図3(a)のケースを参照してさらに具体的に説明すると、境界湿潤密度が2.10g/cm
3で設定され、
図4に示すように小密度範囲(2.10g/cm
3未満)に適用する第1補正係数A
1(0.506)と、大密度範囲(2.10g/cm
3以上)に適用する第1補正係数A
2(0.147)とは異なる値が採用され、小密度範囲に適用する第2補正係数B
1(0.755)と、大密度範囲に適用する第2補正係数B
2(1.000)とは異なる値が採用される。
【0032】
なおここまで説明したように密度補正式は、湿潤密度に応じて2種類のものを設定することもできるし、3種類以上の密度補正式を設定することもできる。あるいは、湿潤密度にかかわらず1種類の密度補正式を設定してもよい。また含水量補正式に関しても、含水量にかかわらず1種類の含水量補正式を設定することもできるし、含水量に応じて2種類以上の含水量補正式を設定してもよい。
【0033】
図5は、事前RI測定による値を補正式で補正した値(以下、単に「補正値」という。

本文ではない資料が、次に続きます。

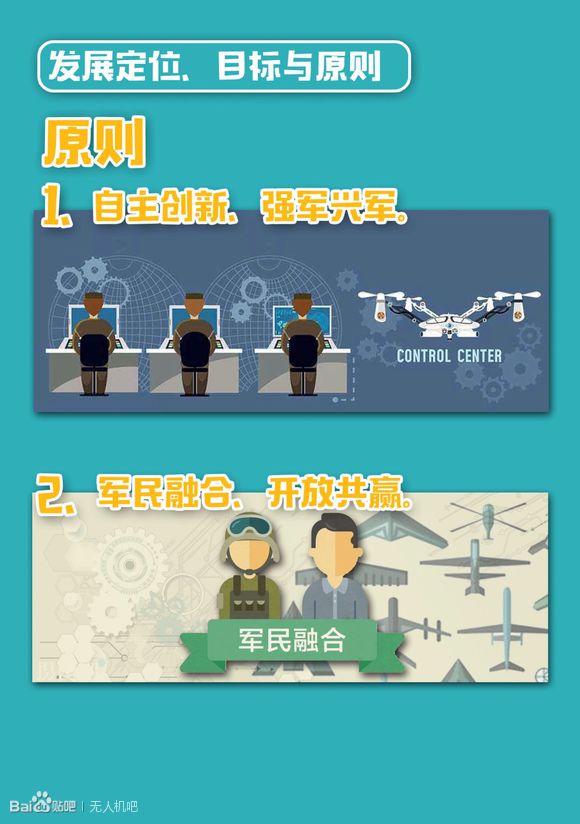 珠海航展/圖解中國首部無人機(jī)發(fā)展白皮書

)と、事前破壊型測定の結果の関係を示すグラフ図であり、(a)は第1湿潤密度の補正値と第2湿潤密度の関係を示すものであって、第2湿潤密度を横軸にとり、第1湿潤密度の補正値を縦軸にとった座標系に、同一種類の試験体を測定した第1湿潤密度の補正値と第2湿潤密度を座標としてプロットしたものである。一方、
図5(b)は第1含水比の補正値(第1含水量の補正値によって求められた値)と第2含水量の関係を示すものであり、第2含水比を横軸にとり、第1含水比の補正値を縦軸にとった座標系に、同一種類の試験体を測定した第1含水比の補正値と第2含水比を座標としてプロットしたものである。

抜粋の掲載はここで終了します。